The site had been the location of the Chattahoochee Brick Co., a factory that relied on forced convict labor to churn out bricks that helped rebuild Atlanta after the Civil War.

Bita Honarvar / Special to WABE

The City of Atlanta is a step closer to buying the property where the Chattahoochee Brick Company once operated, after years of advocacy by local residents and legal wrangling by the city.

The Chattahoochee Brick Company churned out bricks around the turn of the 20th century and was owned by politician and Confederate officer James English. Its bricks helped build the city, but its workers were convicts who were horribly treated and, in some cases, died at the site.

In the past several years, there have been two attempts to build a fuel shipping terminal at the location. Both times, local activists have pushed back against the plans, Atlanta has gotten involved, and the projects have been canceled. 



Now, the city is close to owning the land itself. Legislation to allow Atlanta to buy the property passed out of committee unanimously on Tuesday.

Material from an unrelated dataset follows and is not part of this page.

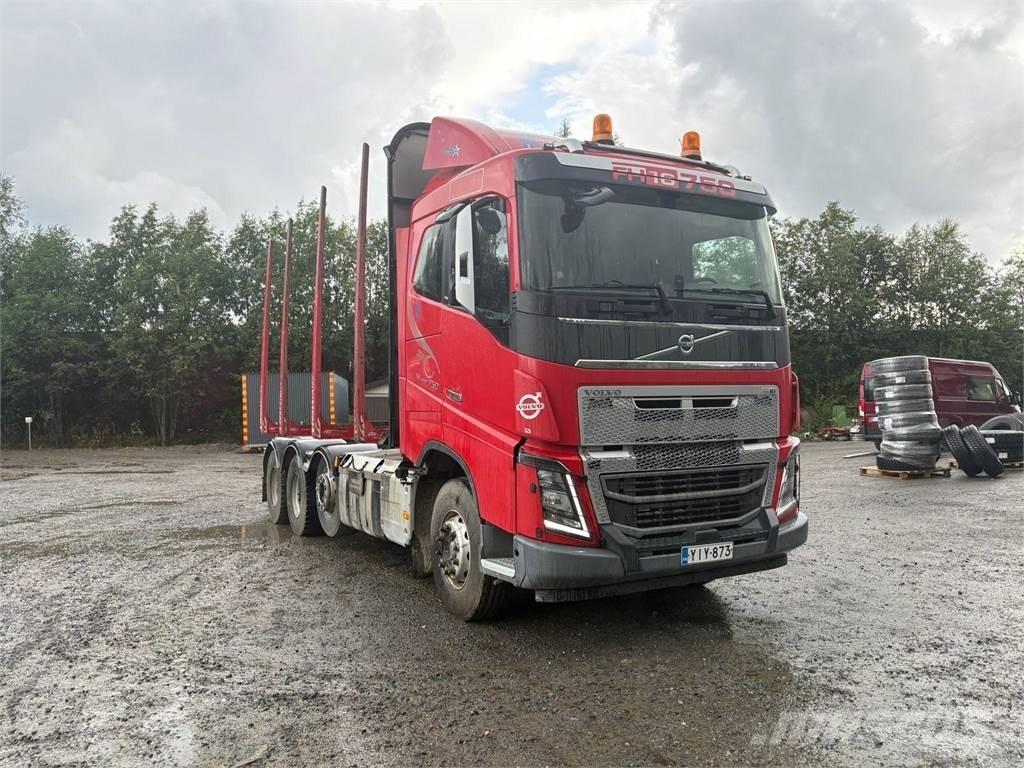 Volvo FH16 木材トラック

“This has been a long process,” Atlanta City Councilmember Dustin Hillis, who represents the part of Northwest Atlanta where the Brick company site is located, said during the committee meeting. “I’m looking forward to finally acquiring this land for the city.”

Hillis said the fight over the fate of the land predated his time on city council. He remembered being a neighborhood leader and hearing about the first fuel terminal proposal. “It’s probably one of the largest attended NPU-D meetings that I had ever been to,” he said.

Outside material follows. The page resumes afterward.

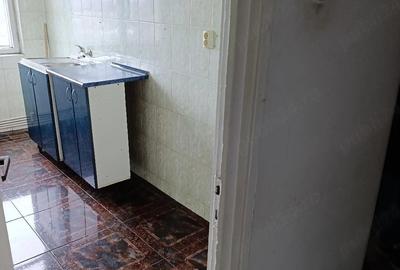 Apartament cu 2 camere decomandat în Mărăței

The process to acquire the land started under former Mayor Keisha Lance Bottoms last year, after the second fuel terminal proposal was cancelled.

Mayor Andre Dickens has already met with the local activists who have worked to protect the property.

At the committee meeting, Atlanta Deputy Chief Operations Officer LaChandra Burks said the administration will ask neighbors and the larger community to help make a plan for what to put on the property, which sits at the confluence of Proctor Creek and the Chattahoochee River.

“One that includes a memorial to the history of the property, protects and restores floodplain areas, and creates a public park on the Chattahoochee River,” she said.

The non-profit group Conservation Fund helped the city buy the land, and the Atlanta-based foundation the Kendeda Fund contributed money, according to Burks.

Hillis and Burks also thanked the companies that had wanted to build the fuel terminals — Atlanta-based Norfolk Southern and Lincoln Energy — for coming around to working with them.